BRIAN DENNEHY, Actor: I see extremely sophisticated very successful New Yorkers with absolutely no questions at all about who they are, how far they've come, and how right their lives are. I see them dissolve in tears, their shoulders shaking, ready to just go home.
PAUL SOLMAN: That's also an apt account of the cast's condition at the end of this three-hour performance. In the preview we saw, Elizabeth Franz, Willy Loman's wife wept so desperately at the end of the play that when the curtain call came, she was still shaking with sobs.
ARTHUR MILLER: Originally, of course, when we first performed and people didn't know what to expect, they didn't applaud at all for a good three, four minutes.
PAUL SOLMAN: Three or four minutes?
ARTHUR MILLER: Oh, yeah -- and then suddenly would remember to applaud because there were actors behind the curtain. And it would take them several minutes to think about it.
WILLY: [in play] But you can't sell that.
PAUL SOLMAN: For both actors and audience, then, it can be a truly cathartic experience. But why would a 50-year-old play about a pathetic small-time loser still resonate so powerfully?
ROBERT FALLS: You cannot come out of it without going, "I know somebody like that. That's my father, that's my brother, that's my son, that's my uncle." And that's a work of genius to have that happen.
SCENE FROM PLAY:
ACTOR: Where'd you go this time dad?
WILLY: Well, I got on the road, went north to Providence, I met the mayor.
ACTOR: The mayor of Providence.
WILLY: He was sitting in the hotel lobby.
ACTOR: What did he say?
WILLY: He said, "Morning." And I said "You got a fine city here, mayor." And he had coffee with me.
ROBERT FALLS: This is about a father who loves his son so much that he sort of passes on all the sort of wrong values, if you're liked, if you're handsome enough, if you're charming enough -- it's all about sort of surface appearances. And I think that's still a lesson that we see today. I mean, if anything, we live in a society which is far more disposable than ever, the fact that we're always looking for the newer - the hotter - you're going to be displaced sometime for a younger guy, a younger, more attractive guy than you are. I'm going to be displaced for exactly the same reason.
PAUL SOLMAN: "Death of a Salesman" has lived through its share of historical changes. Written early in the Cold War, its cynical take on the American dream made it a political hot potato. When the film version was made in 1951 starring Frederick March the studio decided to release it with an accompaniment.
ARTHUR MILLER: Columbia Pictures made a film called "The Life of a Salesman" which they wanted to show with the "Death of a Salesman." It was short, the brunt of which was that "the life of a salesman" was. -- couldn't be better; that it was a wonderful profession, that people thrived on it, and there were no problems at all.

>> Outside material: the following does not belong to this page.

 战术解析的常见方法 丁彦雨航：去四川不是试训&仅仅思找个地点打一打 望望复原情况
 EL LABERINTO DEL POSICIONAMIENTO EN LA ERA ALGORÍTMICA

PAUL SOLMAN: In fact, the Frederick March feature itself made Willy into a very untypical salesman -- a sort of lunatic.
ARTHUR MILLER: And, indeed, the film suffered because they tended to make him crazy. And it was a real politically influenced film and I complained about it. But I didn't have any control over it at the time.

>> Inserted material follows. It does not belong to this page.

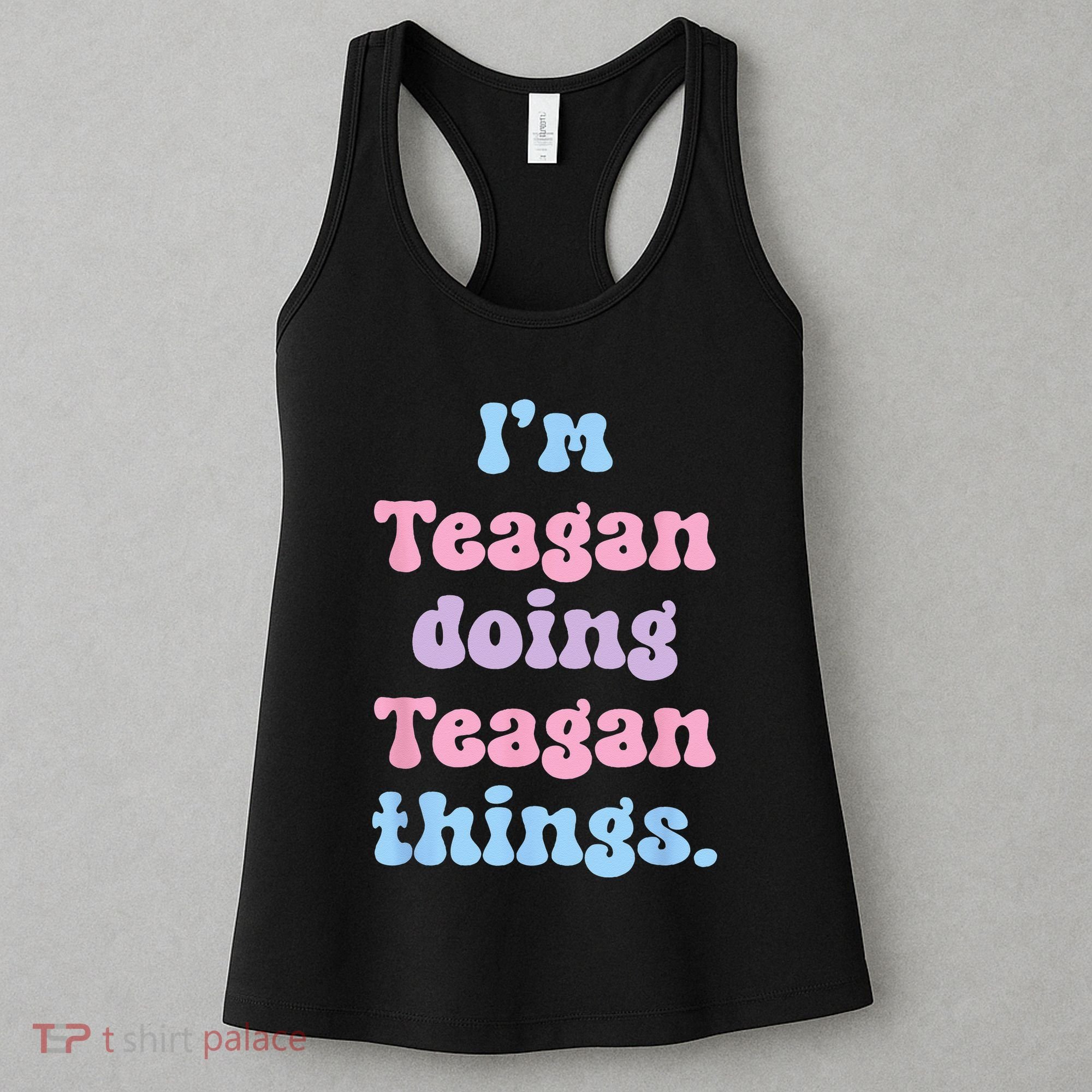 Im Teagan Doing Teagan Things Funny Name Women's Tank Top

PAUL SOLMAN: You didn't have any control over the total film?
ARTHUR MILLER: No.
PAUL SOLMAN: But what about this short?
ARTHUR MILLER: The short I complained about and pretended I knew what I was talking about and I said, "I'll sue you for --" whatever I invented. And they -- I think they showed it once or twice, but it was so dreadful that they simply withdrew it. And it's the only time that a movie company put out a picture to destroy the film that they had just made. That's how terrified people were.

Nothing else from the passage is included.